=== Task description ===
Give the data below again exactly as written, without its pictures.

=== Dataset section ===
####################
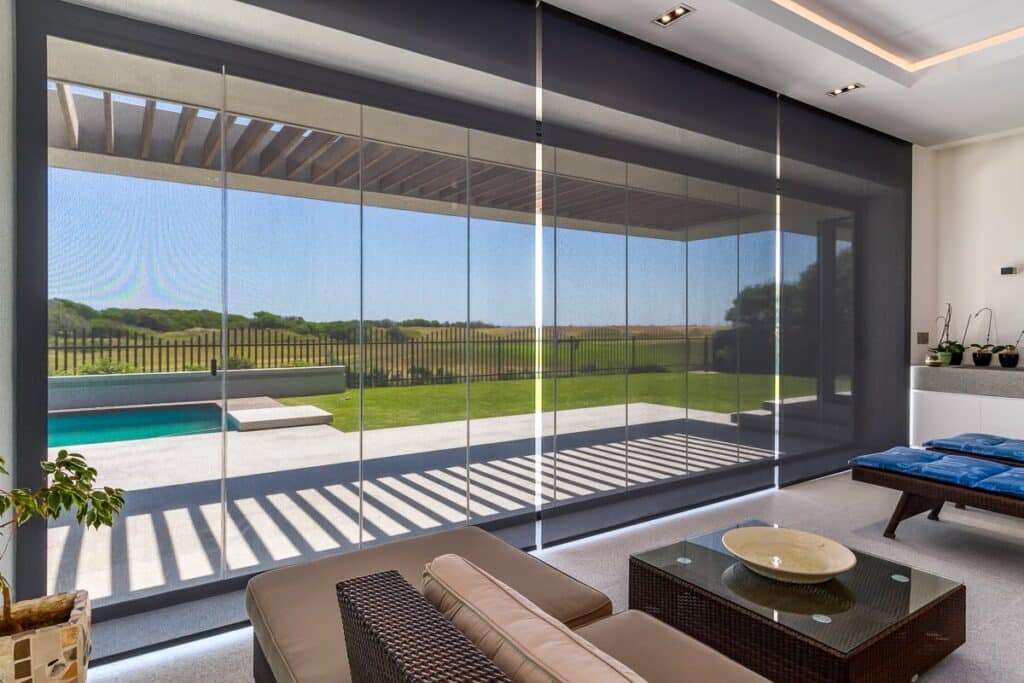 Glass stack away Doors for an outdoor Pergola room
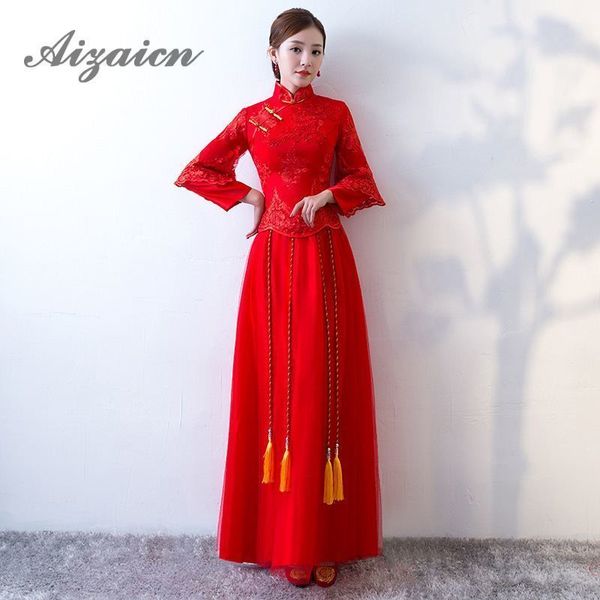 

red bride lace long cheongsam china femme marry vintage gown qi pao chinese wedding dress qipao robe orientale women dresses
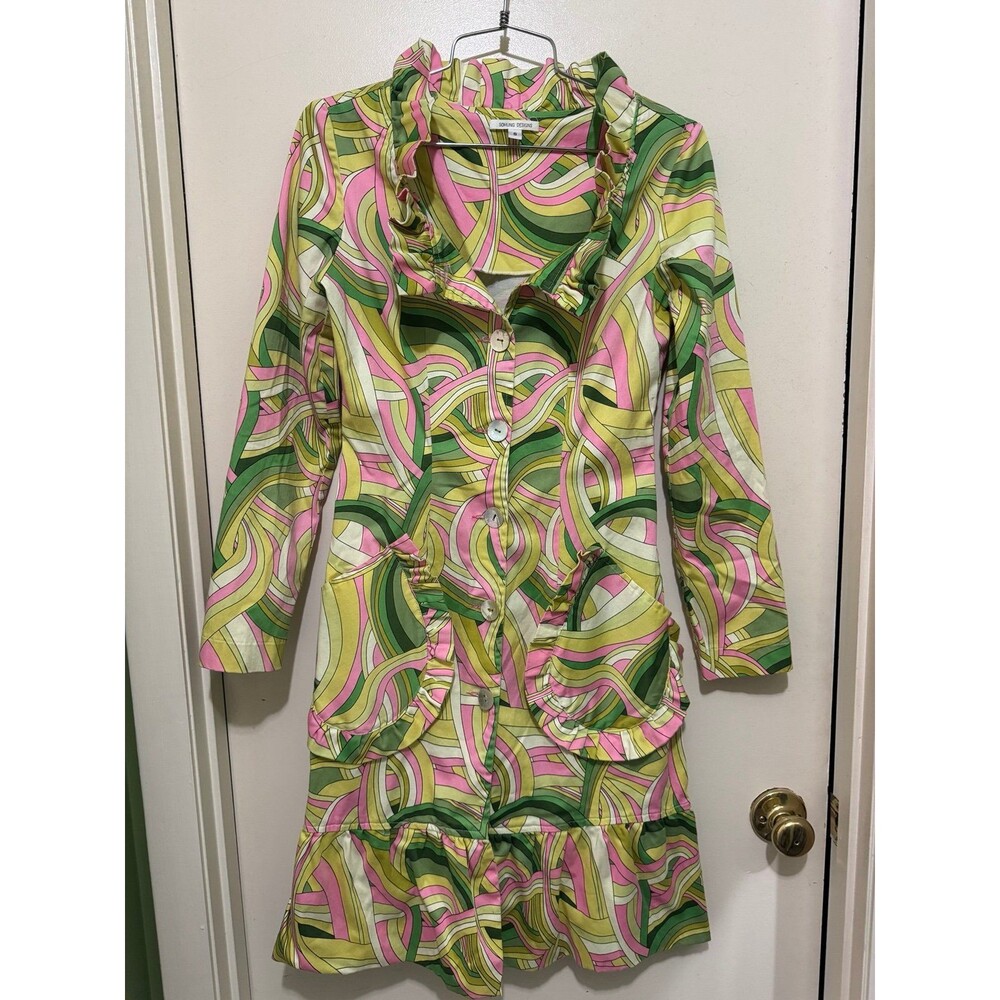 SOHUNG DESIGNS HANDMADE UNIQUE RETRO GROOVY FITTED DRESS/JKT small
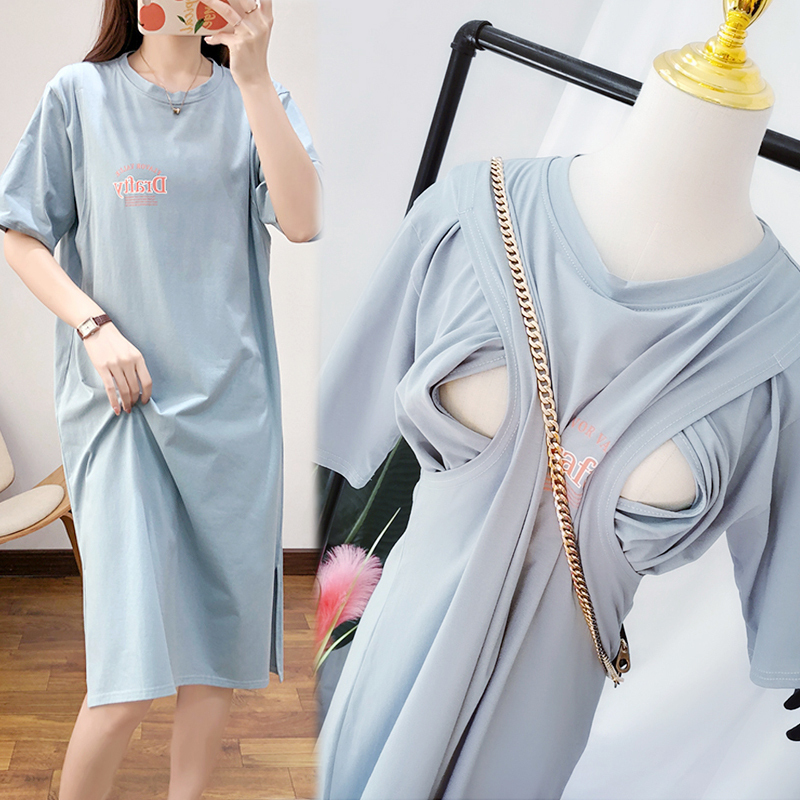 Summer Nursing Over-The-Knee Long Dress Maternity Wear Dual-Purpose Breastfeeding Loose Cover-Up T-Shirt Summer Nursing Over-The-Knee Long Dress Maternity Wear Dual-Purpose Breastfeeding Loose Cover-Up T-Shirt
####################
=== Answer ===
 Glass stack away Doors for an outdoor Pergola room

red bride lace long cheongsam china femme marry vintage gown qi pao chinese wedding dress qipao robe orientale women dresses
 SOHUNG DESIGNS HANDMADE UNIQUE RETRO GROOVY FITTED DRESS/JKT small
 Summer Nursing Over-The-Knee Long Dress Maternity Wear Dual-Purpose Breastfeeding Loose Cover-Up T-Shirt Summer Nursing Over-The-Knee Long Dress Maternity Wear Dual-Purpose Breastfeeding Loose Cover-Up T-Shirt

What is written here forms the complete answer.